As the jackfruit initiative became popular more and more people expressed keenness to know more about the Come Home campaign too. “All credit to the jackfruit campaign, a reputed publishing house like the Penguin Books India came forward to publish my first book – God’s Own Office.” The book, which was released on October 2, 2014, narrates James’s fascinating journey from the backwaters of Kerala to become an achiever in the corporate world and then treading the unique path of working for the corporate world out of his village.
Here is a response from a professional - “Reading God's Own Office gave me the courage to chuck up a full-time corporate role and return to Kozhikode. I've co-founded a boutique BPO, voice call centre and tax and financial advisory in Kozhikode.”
By the time he completed writing the book, James decided not to go back to corporate life and continue the jackfruit campaign and founded another start-up called God’s Own Food Solutions for the purpose. James had observed that the jackfruit meal of Kerala, where unripe jackfruit displaces rice and wheat, had resulted in hypoglycaemic incidents when taken with insulin.

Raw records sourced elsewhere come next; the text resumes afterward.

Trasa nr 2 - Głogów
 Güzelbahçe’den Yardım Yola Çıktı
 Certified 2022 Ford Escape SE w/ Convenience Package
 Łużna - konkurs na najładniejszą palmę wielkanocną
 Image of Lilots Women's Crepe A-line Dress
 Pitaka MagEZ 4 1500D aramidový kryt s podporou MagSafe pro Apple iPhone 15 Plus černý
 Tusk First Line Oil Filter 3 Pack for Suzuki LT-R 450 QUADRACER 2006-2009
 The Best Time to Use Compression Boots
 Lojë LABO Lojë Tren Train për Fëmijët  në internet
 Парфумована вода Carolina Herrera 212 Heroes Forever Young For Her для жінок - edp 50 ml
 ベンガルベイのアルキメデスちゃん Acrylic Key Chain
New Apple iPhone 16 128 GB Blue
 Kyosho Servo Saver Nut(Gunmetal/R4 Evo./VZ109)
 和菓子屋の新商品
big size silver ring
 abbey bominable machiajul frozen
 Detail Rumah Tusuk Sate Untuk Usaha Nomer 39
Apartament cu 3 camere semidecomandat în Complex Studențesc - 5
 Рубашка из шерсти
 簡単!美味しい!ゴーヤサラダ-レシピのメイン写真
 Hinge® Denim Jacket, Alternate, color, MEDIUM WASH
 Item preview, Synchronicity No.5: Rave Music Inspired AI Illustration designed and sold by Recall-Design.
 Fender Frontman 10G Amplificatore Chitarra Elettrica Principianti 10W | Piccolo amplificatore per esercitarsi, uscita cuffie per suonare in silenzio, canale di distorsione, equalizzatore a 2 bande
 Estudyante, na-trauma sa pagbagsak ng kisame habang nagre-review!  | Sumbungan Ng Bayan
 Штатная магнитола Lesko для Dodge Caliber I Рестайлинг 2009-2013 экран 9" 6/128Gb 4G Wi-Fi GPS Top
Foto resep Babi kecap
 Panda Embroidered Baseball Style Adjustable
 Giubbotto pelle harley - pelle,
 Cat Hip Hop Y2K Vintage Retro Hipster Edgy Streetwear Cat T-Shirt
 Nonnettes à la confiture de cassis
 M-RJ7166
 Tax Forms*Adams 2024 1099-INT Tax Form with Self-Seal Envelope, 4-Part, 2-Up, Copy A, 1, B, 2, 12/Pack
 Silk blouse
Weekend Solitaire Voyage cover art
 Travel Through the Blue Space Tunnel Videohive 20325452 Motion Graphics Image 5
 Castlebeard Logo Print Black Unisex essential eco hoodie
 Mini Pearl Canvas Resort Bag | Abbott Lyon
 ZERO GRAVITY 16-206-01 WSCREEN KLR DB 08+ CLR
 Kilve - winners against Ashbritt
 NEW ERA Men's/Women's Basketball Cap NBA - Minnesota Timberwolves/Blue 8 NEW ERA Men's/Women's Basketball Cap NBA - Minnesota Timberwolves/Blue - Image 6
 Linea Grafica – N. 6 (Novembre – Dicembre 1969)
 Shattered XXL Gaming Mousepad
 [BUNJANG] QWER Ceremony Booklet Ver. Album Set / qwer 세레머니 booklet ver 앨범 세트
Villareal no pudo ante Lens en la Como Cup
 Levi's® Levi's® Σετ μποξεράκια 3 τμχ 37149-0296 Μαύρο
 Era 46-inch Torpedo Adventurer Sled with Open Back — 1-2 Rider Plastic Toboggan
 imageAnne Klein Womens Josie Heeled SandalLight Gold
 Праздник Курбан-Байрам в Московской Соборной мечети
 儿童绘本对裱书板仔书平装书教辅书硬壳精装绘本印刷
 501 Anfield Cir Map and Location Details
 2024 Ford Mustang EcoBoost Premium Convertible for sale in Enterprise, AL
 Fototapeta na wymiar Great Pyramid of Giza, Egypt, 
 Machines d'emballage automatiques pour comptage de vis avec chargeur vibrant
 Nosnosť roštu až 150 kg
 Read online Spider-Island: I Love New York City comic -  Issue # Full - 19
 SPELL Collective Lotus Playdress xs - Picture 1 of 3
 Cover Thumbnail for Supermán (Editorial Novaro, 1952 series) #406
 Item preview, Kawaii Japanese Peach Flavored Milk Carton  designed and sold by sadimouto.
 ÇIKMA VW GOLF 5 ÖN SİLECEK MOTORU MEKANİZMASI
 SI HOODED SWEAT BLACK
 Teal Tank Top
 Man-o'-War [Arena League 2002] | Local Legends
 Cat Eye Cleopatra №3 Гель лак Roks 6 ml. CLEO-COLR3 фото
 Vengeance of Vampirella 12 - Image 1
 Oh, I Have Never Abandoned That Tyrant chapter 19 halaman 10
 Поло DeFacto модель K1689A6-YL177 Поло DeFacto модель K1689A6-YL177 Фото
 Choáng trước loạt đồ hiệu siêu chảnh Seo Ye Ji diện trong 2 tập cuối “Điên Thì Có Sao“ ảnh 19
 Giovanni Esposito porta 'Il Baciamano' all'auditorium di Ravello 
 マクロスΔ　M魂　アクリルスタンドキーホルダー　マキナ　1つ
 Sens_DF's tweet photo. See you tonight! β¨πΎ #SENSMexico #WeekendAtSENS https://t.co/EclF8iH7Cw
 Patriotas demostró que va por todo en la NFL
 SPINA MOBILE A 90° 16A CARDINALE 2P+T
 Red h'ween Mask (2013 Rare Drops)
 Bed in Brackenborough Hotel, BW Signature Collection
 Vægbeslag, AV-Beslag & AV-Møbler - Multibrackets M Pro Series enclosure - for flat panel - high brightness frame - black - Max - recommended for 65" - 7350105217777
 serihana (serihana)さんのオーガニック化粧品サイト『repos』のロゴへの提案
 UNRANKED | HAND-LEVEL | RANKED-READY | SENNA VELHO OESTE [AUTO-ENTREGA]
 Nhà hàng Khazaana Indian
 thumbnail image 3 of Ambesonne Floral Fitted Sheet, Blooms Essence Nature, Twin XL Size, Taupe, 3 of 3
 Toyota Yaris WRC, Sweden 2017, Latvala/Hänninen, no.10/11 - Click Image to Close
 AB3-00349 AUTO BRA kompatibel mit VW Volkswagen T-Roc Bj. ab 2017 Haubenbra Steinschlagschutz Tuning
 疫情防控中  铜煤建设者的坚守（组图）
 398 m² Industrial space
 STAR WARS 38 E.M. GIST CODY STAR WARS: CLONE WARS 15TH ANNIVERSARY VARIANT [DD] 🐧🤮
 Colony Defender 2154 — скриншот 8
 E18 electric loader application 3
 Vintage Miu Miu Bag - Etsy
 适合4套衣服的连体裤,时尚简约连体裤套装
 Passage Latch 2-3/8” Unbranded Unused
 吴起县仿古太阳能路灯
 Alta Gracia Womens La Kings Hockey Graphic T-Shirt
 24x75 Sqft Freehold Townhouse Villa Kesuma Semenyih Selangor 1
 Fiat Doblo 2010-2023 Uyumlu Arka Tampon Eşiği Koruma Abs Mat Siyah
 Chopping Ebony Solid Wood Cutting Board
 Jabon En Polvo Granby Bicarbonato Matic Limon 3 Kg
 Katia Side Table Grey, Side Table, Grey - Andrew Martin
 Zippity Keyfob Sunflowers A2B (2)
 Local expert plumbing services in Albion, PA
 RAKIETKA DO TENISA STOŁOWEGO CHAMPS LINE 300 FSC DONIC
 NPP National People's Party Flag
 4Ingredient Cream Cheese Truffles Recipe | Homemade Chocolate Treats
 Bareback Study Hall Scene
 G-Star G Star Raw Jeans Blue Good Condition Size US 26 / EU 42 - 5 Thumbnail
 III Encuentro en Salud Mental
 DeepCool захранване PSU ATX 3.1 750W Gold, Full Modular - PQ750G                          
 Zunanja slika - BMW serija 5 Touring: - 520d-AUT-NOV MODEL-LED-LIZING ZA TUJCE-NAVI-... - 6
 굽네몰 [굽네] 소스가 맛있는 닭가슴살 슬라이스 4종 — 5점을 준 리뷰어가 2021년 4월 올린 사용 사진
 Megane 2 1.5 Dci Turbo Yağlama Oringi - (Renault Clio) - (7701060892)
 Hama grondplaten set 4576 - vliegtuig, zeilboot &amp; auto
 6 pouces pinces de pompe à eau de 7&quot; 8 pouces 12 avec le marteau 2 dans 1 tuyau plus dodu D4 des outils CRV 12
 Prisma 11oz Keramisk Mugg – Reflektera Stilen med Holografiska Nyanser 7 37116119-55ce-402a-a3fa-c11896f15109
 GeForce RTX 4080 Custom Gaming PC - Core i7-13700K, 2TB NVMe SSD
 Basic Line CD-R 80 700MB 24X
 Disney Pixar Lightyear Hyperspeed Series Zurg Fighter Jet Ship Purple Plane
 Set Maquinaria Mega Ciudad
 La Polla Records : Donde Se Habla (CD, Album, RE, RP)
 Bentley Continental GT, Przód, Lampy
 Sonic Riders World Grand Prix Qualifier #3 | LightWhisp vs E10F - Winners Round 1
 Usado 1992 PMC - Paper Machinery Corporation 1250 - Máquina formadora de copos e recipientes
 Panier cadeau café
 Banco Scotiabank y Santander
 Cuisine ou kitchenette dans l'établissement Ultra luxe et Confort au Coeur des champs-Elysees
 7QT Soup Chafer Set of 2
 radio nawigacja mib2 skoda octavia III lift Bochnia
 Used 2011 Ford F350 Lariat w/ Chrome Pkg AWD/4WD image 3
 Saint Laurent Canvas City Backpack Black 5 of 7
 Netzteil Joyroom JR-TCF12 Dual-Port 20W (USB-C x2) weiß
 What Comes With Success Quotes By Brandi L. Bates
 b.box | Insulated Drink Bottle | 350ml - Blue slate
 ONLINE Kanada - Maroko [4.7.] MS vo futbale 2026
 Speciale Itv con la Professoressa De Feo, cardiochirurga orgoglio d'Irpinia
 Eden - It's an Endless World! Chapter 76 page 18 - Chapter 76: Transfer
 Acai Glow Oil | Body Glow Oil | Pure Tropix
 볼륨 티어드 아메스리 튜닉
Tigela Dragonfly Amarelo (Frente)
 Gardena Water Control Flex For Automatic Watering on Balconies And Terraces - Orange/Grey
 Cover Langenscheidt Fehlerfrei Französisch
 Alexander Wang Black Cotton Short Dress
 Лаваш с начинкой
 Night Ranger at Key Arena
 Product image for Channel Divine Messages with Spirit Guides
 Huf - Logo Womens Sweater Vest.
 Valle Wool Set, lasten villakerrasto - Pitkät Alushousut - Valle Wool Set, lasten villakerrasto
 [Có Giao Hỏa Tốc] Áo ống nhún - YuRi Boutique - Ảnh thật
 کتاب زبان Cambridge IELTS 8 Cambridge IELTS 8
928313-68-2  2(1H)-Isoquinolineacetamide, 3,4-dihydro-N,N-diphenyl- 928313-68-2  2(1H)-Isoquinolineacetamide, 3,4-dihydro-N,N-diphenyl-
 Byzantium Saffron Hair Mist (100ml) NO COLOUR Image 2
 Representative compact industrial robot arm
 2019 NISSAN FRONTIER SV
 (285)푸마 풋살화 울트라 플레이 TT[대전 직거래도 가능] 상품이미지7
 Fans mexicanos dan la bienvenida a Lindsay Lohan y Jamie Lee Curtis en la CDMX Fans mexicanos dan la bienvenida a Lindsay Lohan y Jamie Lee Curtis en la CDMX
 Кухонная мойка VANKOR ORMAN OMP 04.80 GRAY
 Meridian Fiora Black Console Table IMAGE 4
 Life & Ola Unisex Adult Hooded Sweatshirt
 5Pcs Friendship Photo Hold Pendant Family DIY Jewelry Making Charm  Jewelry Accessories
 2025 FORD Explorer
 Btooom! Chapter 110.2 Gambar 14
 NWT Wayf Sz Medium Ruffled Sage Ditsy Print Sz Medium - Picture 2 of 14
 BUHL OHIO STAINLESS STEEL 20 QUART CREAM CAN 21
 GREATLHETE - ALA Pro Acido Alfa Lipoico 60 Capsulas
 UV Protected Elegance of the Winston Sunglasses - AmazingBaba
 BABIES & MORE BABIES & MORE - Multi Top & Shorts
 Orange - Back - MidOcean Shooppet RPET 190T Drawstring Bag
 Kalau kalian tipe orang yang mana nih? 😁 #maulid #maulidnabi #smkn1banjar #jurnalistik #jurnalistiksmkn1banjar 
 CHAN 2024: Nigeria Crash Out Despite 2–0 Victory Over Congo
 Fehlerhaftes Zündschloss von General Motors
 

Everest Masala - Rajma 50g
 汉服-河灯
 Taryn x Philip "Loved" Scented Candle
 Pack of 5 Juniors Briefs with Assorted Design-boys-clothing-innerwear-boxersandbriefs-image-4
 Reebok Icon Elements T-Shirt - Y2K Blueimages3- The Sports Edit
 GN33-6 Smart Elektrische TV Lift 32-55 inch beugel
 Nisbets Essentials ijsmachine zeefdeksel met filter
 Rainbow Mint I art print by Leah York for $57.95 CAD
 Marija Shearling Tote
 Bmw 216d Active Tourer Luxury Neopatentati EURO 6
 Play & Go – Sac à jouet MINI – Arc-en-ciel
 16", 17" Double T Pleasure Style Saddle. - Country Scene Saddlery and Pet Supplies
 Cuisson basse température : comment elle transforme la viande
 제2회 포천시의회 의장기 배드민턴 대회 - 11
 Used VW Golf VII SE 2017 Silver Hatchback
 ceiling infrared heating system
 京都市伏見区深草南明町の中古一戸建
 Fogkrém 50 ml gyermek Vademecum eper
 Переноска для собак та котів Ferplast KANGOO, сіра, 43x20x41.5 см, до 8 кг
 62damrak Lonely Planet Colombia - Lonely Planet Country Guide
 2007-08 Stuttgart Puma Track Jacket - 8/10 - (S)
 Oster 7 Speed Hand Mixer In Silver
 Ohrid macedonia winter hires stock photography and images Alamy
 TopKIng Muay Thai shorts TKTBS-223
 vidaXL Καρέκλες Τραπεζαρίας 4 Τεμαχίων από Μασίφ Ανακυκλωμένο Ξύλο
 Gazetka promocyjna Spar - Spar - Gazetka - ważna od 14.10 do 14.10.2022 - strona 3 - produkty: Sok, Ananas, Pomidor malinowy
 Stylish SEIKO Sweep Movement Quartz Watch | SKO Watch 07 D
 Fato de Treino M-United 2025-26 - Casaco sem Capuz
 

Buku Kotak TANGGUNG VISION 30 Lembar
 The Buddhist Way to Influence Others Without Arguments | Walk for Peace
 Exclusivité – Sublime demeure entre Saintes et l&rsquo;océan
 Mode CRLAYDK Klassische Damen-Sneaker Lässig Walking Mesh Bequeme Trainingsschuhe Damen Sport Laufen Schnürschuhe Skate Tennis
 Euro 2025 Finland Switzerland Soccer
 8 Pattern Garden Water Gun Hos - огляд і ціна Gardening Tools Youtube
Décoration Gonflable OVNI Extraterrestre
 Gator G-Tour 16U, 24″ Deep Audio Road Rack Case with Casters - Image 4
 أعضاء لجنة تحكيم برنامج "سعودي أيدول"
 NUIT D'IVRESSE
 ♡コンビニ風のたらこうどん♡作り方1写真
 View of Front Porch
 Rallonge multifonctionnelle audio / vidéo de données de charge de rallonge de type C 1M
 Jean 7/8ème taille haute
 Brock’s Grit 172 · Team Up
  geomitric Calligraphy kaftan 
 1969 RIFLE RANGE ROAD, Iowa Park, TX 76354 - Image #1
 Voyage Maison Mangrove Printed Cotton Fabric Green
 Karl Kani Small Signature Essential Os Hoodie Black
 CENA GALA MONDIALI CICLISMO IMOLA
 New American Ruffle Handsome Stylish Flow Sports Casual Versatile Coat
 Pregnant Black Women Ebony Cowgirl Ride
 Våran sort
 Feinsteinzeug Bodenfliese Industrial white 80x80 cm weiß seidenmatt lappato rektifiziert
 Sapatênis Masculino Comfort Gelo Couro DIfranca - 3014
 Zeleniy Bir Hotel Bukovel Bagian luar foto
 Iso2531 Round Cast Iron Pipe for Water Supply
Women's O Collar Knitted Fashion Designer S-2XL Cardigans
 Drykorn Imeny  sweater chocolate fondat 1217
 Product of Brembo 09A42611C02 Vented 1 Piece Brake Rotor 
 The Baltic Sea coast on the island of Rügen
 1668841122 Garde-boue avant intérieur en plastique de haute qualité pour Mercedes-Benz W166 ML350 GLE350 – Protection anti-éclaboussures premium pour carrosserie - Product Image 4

He also found that in many instances, where jackfruit when used instead of rice or wheat, has reversed the diabetes condition. He took this clue forward, worked with doctors, scientists, chefs and consumers. The recent study by Sydney University’s Glycaemic Index Research Service has mentioned that the glycaemic load and carbohydrate content is the lowest in unripe jackfruit compared to rice and wheat and its high fibre content leads to low absorption of sugar.